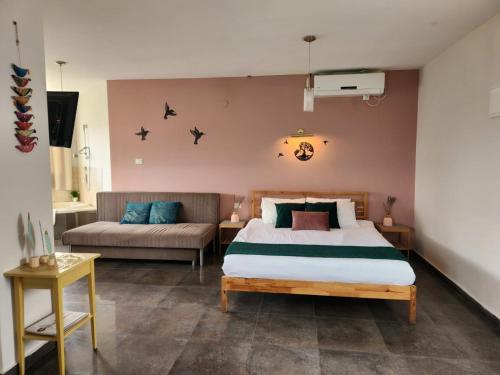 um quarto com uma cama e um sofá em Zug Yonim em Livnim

...

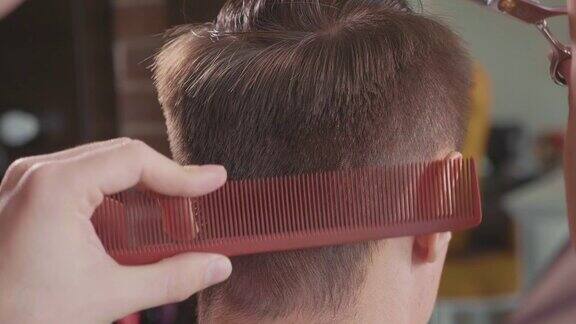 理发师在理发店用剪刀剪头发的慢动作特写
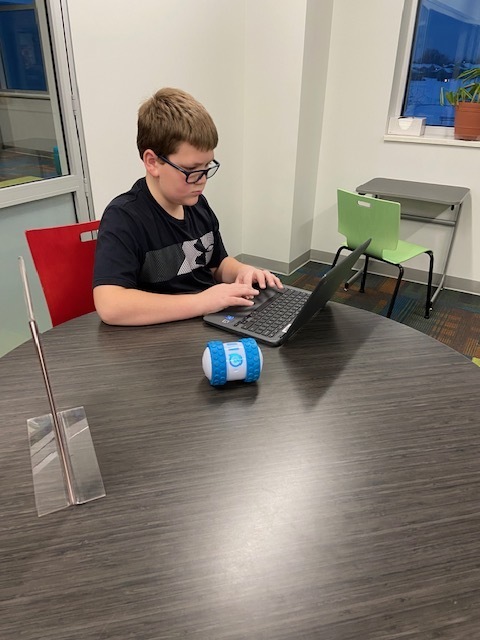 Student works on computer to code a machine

• WHAT YOU NEED TO DO: Look above for the line with "理发师在理发店用剪刀剪头发的慢动作特写" and the line with "Student works on computer to code a machine". Output those two and everything between them exactly, pictures excluded.

• ANSWER SPACE:
 理发师在理发店用剪刀剪头发的慢动作特写
 Student works on computer to code a machine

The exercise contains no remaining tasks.